In embodiments, the method comprises preventing direct viewing from downstream of the output aperture of a light source optically coupled to a waveguide of a diffuse light generation system.

The preceding summary is provided for purposes of summarizing some embodiments to provide a basic understanding of aspects of the subject matter described herein. Accordingly, the above-described features are merely examples and should not be construed to narrow the scope or spirit of the subject matter described herein in any way. Moreover, the above and/or proceeding embodiments may be combined in any suitable combination to provide further embodiments.

Other features, aspects, and advantages of the subject matter described herein will become apparent from the following Detailed Description of Embodiments, Figures, and Claims.

BRIEF DESCRIPTION OF FIGURES

Aspects, features and advantages of embodiments of the present disclosure will become apparent from the following description of embodiments in reference to the appended drawings in which like numerals denote like elements.

Figure 1 is a block system diagram showing an embodiment system for creating an artificial sky scene.

Figures 2 and 3 are block system diagrams showing embodiment optical display devices for creating an artificial sky scene of the system of figure 1.

Figure 4 is an illustrative diagram showing the embodiment optical display device of figure 3.

Figures 5 is a block system diagram showing an embodiment optical display device for creating an artificial sky scene of the system of figure 1.

Figure 6 is an illustrative diagram showing the embodiment optical display device of figure 5.

Figures 7 to 9 are to scale side cross-sectional views showing an embodiment optical display device of the system of figure 1.

Figure 10 is an illustrative diagram showing a spacer of the optical display device of figures 7 -9.

Figure 11 is an illustrative diagram showing an embodiment optical display device of the system of figure 1.

Figure 12 is an illustrative diagram showing a view an observer experiences when gazing into an output aperture of the optical display device of figure 1.

DETAILED DESCRIPTION OF EMBODIMENTS

Before describing several embodiments of the device, it is to be understood that the device is not limited to the details of construction or process steps set forth in the following description. It will be apparent to those skilled in the art having the benefit of the present disclosure that the device is capable of other embodiments and of being practiced or being carried out in various ways.

The present disclosure may be better understood in view of the following explanations: As used herein the term "optical display device" or "device" may refer to electrically operated optical apparatus that is capable of providing an observer with a perception of a real-life sky when gazing into an output aperture of the device. The device creates a virtual sky scene. The virtual sky scene may have a perception of infinite depth (as for a real-life sky). The device may be dimensioned such that it is suitable for attachment to a ceiling or wall of an interior or a building, e.g., it is less than 1.5 meters or 2 meters or 3 meters in lateral and/or longitudinal dimension; it may be greater than 0.25 meters in lateral and/or longitudinal dimension; it may have a depth of less than 0.5 meters.
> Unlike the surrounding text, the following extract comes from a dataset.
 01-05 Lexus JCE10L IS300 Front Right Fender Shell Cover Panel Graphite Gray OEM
The device may recreate characteristics of said real-life sky. As used herein, the term "characteristics of a real-life sky" may refer to any optical characteristic of the real-life sky that is capable of measurement and replication in output light from the optical display device. A characteristic may include one or more of the following: a real-life colour of a real-life sky light component; a real-life colour of a real-life sun light component; a real-life intensity of a real-life sky light component; a real life intensity of a real life sun light component, and; an angle of the real life sun light component. As used herein, the term "intensity" may refer to any quantity related to a brightness perceived by a user, e.g., one or more of a: radiant intensity, measured in watts per steradian (W/sr); luminous intensity, a measured in lumens per steradian (Im/sr), or candela (cd); Irradiance; luminous power, or luminous flux) measured in lumen. As used herein, the term "colour" may refer to a colour measured by a suitable colour system which may enable digital representation, e.g., colour correlated temperature (CCT) or a colour space, including RGB, sRGB, a Pantone collection, CIELAB or CIEXYZ etc. As used herein, the term "real-life colour" may refer to a colour as measured by a colour system, which is assigned, e.g., as an average or other numerical approximation, to an object. The object can be the sun or the sky. Said colour of the object may be measured without interference (including substantial interference) from other objects in the sky scene.
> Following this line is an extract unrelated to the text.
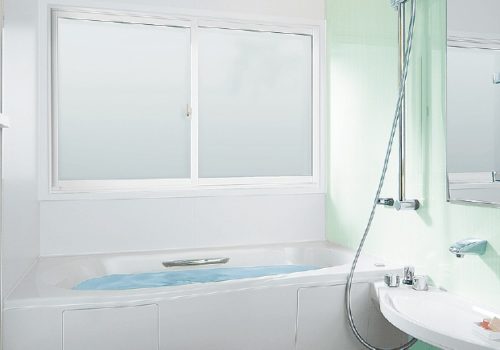 浴室の窓リフォーム増えています ! お風呂が寒い … は「 窓 」から解決 !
As used herein the term "real-life sky" may refer to a sky view that an observer observes when gazing through a window (e.g., in a side wall or ceiling) of a structure or otherwise from the ground. The portion of the sky view observed typically comprises the sun and surrounding sky, but in some cases, it may only comprise only the former or the latter. Hence a real-life sky may include a real-life sky light component and/or may include a real-life sun light component. The real-life sun light component may include a circular (including substantially circular) yellow/white sun (e.g., a warm colour) and includes direct light. The real-life sky light component includes indirect light from the sun and is absent the real-life sun light component. The real-life sky light component may include: a clear sky component, e.g., a blue/cold colour, and/or; cloud component e.g., a white/grey colour. The clear sky component may surround (including partially or fully) the circular sun. The cloud component can surround and extend over (including partially or fully) the sun.

As used herein "warm" in respect of the sun light component may refer to a yellow and/or white colour. The CCT may be 3000 -5000k. As used herein "cold" in respect of the sky light component may refer to a blue and/or white colour. The CCT may be 5000 -10000K.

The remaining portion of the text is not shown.